Mais qui a dit que les profs du primaire et du secondaire ne font que 32 heures par semaine ? Si M. Bolduc se donnait la peine de parler avec quelques enseignants, il saurait que leur horaire est beaucoup plus lourd que ça et qu’ils travaillent déjà un grand nombre d’heures bénévolement pour préparer leur classe, pour corriger les travaux de leurs élèves, pour organiser des sorties, pour rencontrer des parents. Surtout, les enseignants pallient chaque semaine le manque de ressources, en psychoéducation, notamment. Et on leur demande d’en faire plus pour moins ? Leur dira-t-on, comme le gouvernement le dit aux médecins omnipraticiens, qu’ils ne travaillent pas assez ?
Au Québec, le métier d’enseignant est déjà dévalorisé et de moins en moins attirant. Les nouvelles mesures ne feront qu’aggraver la situation.

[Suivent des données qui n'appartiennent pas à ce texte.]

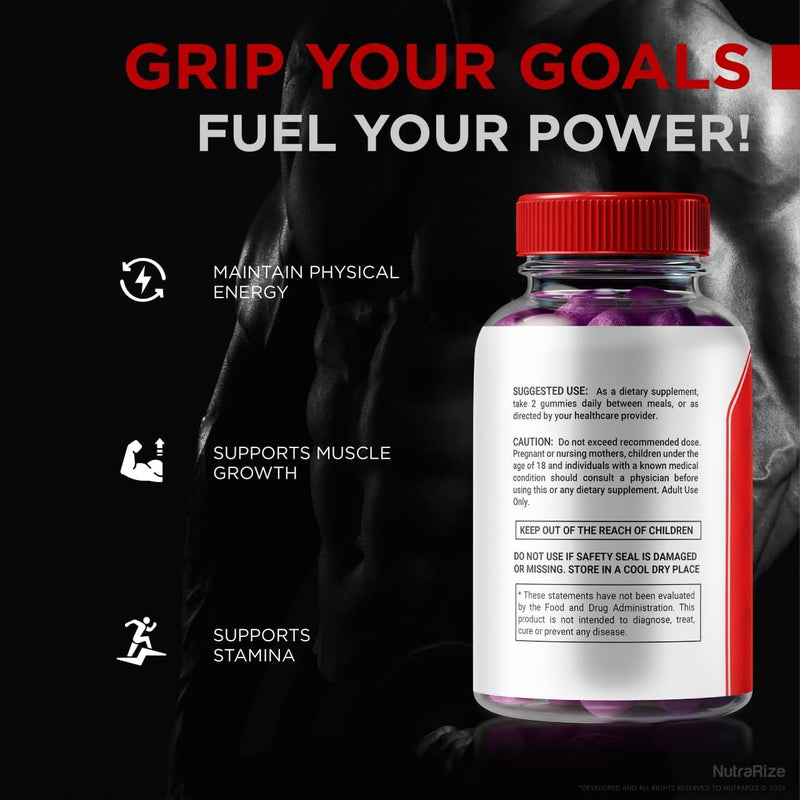 nitro-fuel-x-gummies---official-nitro-fuel-x-ultim-6.jpg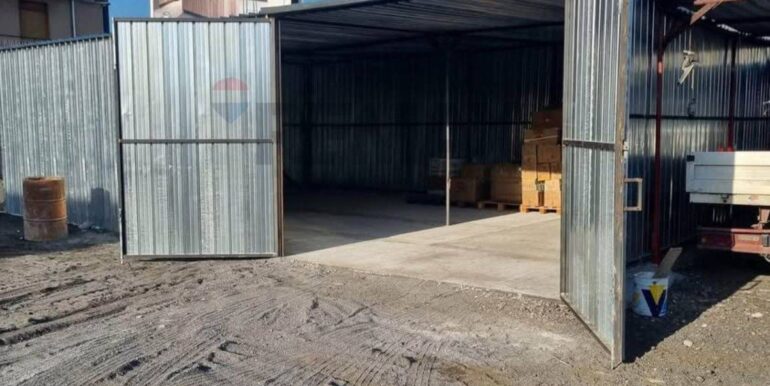 20251204103100-1006336-1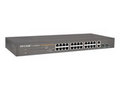 TP-LINK TL-SL2428WEB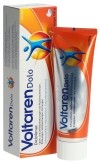 VOLTAREN DOLO émulgel, 120 g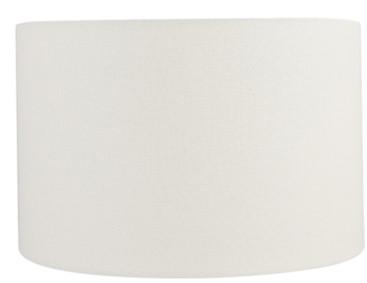 Bone Drum Shade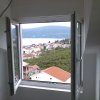 Zgrada u Bijeloj
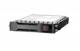 HPE 1.6TB NVME MU SFF BC U.3 STOCK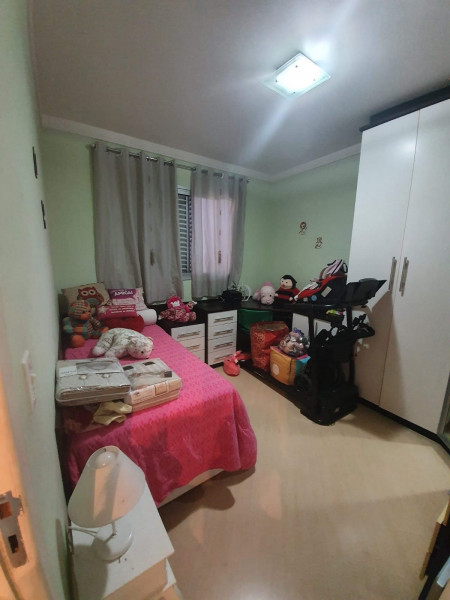 Apartamento à venda Floradas de São José com 108m² e 3 quartos por R$ 760.000 - 959777898-8c206cce-572d-4599-9d64-32ef357fe5eb.jpeg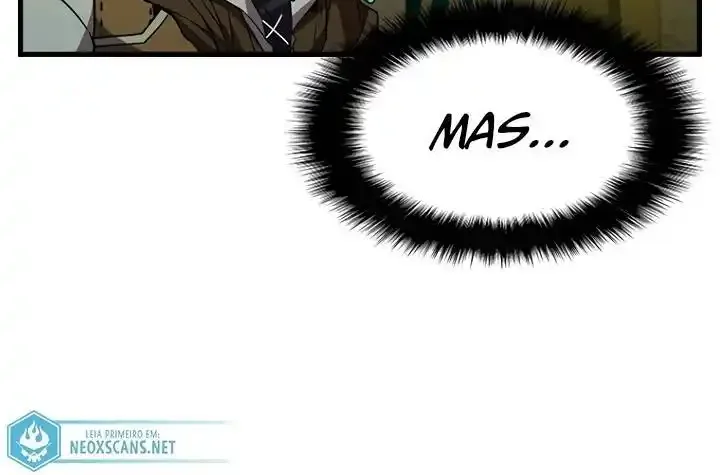 Página do Capítulo 91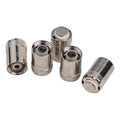 Coil Head for Lawn Mower (Replacement)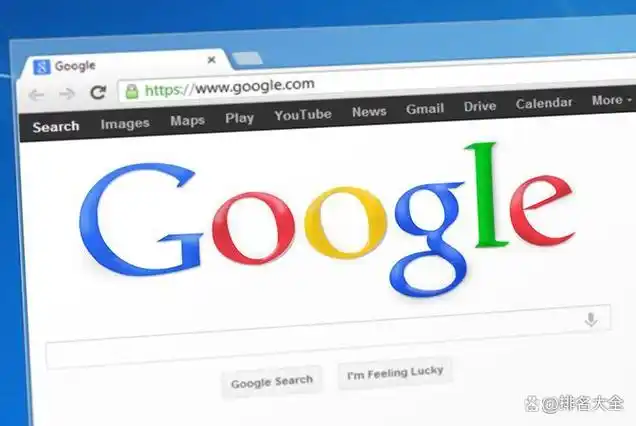 2025年google優(yōu)化新趨勢：技術(shù)、內(nèi)容與AI的深度融合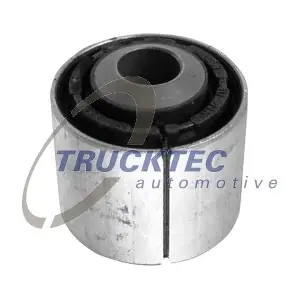 08.32.090 TRUCKTEC AUTOMOTIVE
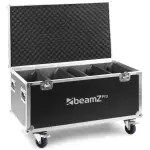 Beamzpro - FLC54042 - Flightcase For 4X STARCOLOR540Z - Image 3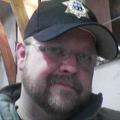 Photo of Jay, 43, man
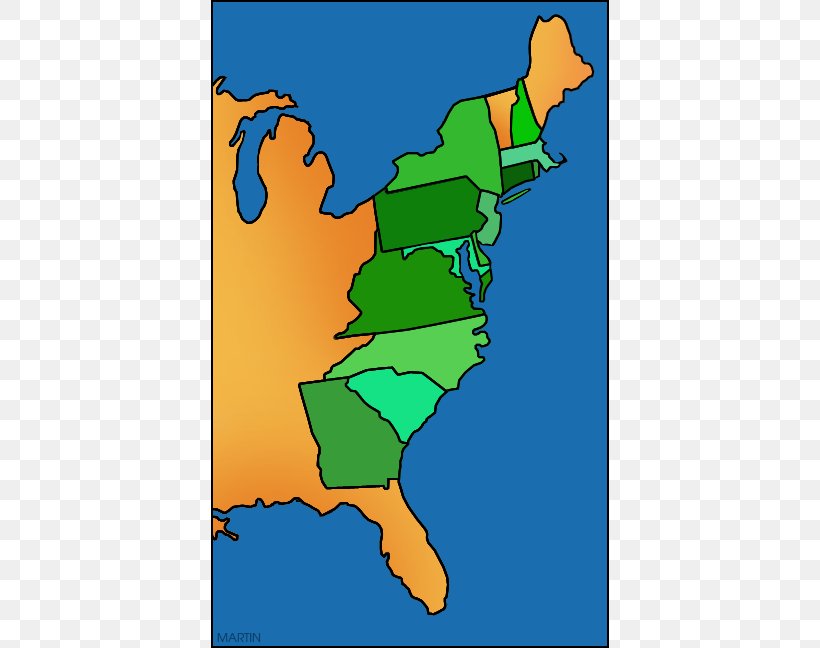 New England Colonies Jamestown Colony Of Virginia Southern Colonies, PNG, 398x648px, New England, American Revolution, Area, Art, Cartoon Download Free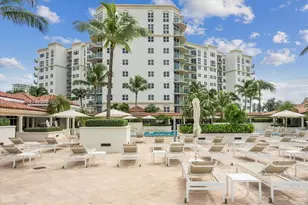20000 E Country Club Dr, Aventura, FL 33180 - Photo 8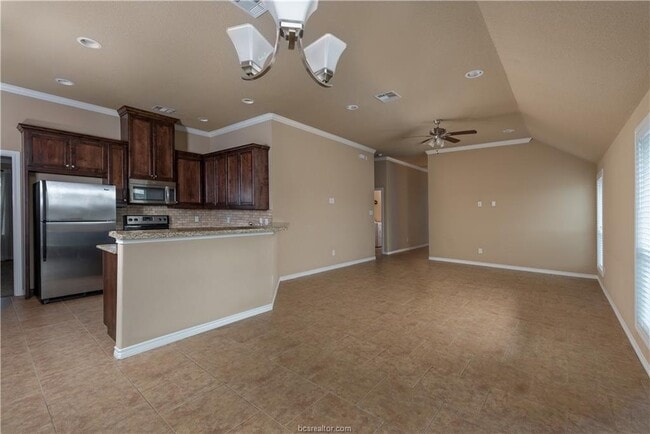 Building Photo - 3614 Haverford Rd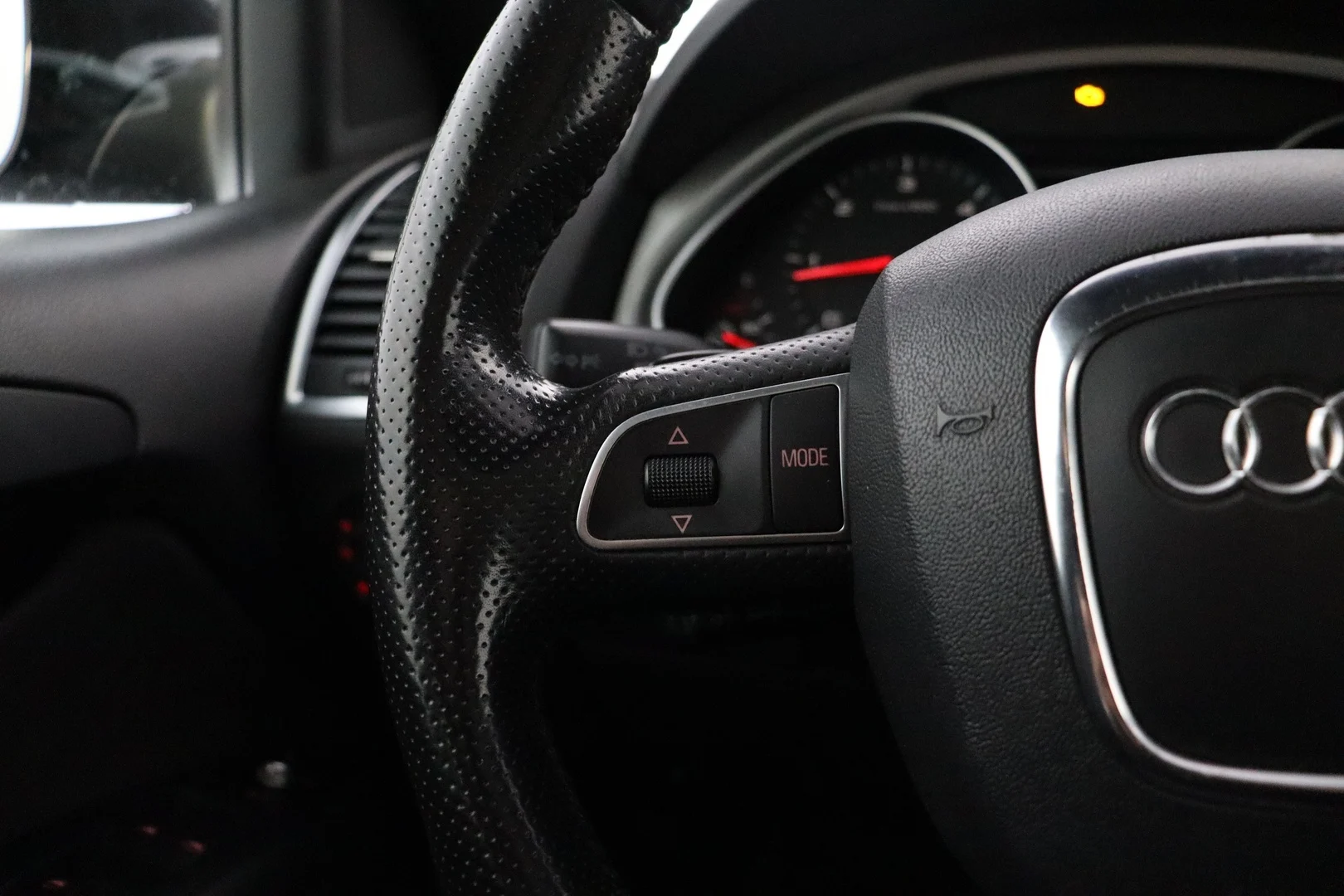 Car Image - 4cqvQ4bOET4iHTdt0v6H3f
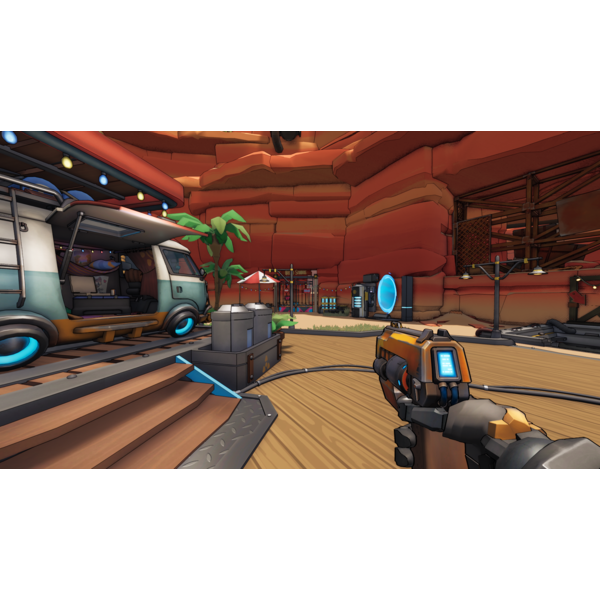 roboquest-row-pc-download.png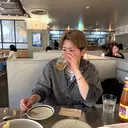 萩原 快斗のプロフィール画像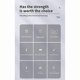 thumbnail image 1 of G50 Wireless Bluetooth Speaker with Alarm Clock Black, 1 of 5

Le ministre Bolduc sait-il que 20 % des jeunes profs abandonnent la profession dans les cinq premières années de pratique ? Que 19 % d’entre eux (elles, en fait, surtout) jugent mauvaise ou médiocre leur santé mentale, 35 % se disent vidés après leur journée de travail ? Que la détresse psychologique et l’épuisement professionnel sont plus élevés dans cette profession que dans les autres ?
Ces données, facilement disponibles aussi sur le web, proviennent d’une étude de l’École nationale d’administration publique publiée en 2010. Voici un extrait de sa conclusion : « Plusieurs facteurs furent identifiés afin d’expliquer ces résultats. Deux facteurs organisationnels semblent se distinguer de par leur importance dans la prédiction de l’épuisement professionnel des enseignants : la charge de travail élevée et les difficultés liées à la gestion de classe. Le manque de temps pour la préparation des cours, le rythme effréné des journées, les contraintes de temps, la quantité trop importante de paperasse administrative à remplir et la charge de travail en général trop élevée sont des éléments responsables de l’état de santé des enseignants. »
Le gouvernement veut épargner de l’argent avec ces décisions. Combien il en coûte à une société, à long terme, qui sabote l’éducation de ses enfants ?
LES CHARLOTS À L’HÔTEL DE VILLE
Le ministre des Affaires municipales, Pierre Moreau, qui veut défendre les citoyens contre les maires qui les prennent pour des crétins, devrait peut-être s’intéresser à Jean Tremblay, à Saguenay, et à Régis Labeaume, à Québec.
Le premier vient de couper complètement le budget de l’opposition par un tour de passe-passe grotesque ; le second est revenu de Rome et des États-Unis avec des frais d’itinérance de plus de… 20 000 $ pour son téléphone et sa tablette.
« On n’a pas d’argent », a dit le premier. « Je ne comprends pas comment ça marche », a dit le second.
J’écrivais samedi que Québec ne devrait pas s’immiscer dans la gestion des municipalités. Je suis prêt à faire une exception pour les roitelets démagos de province.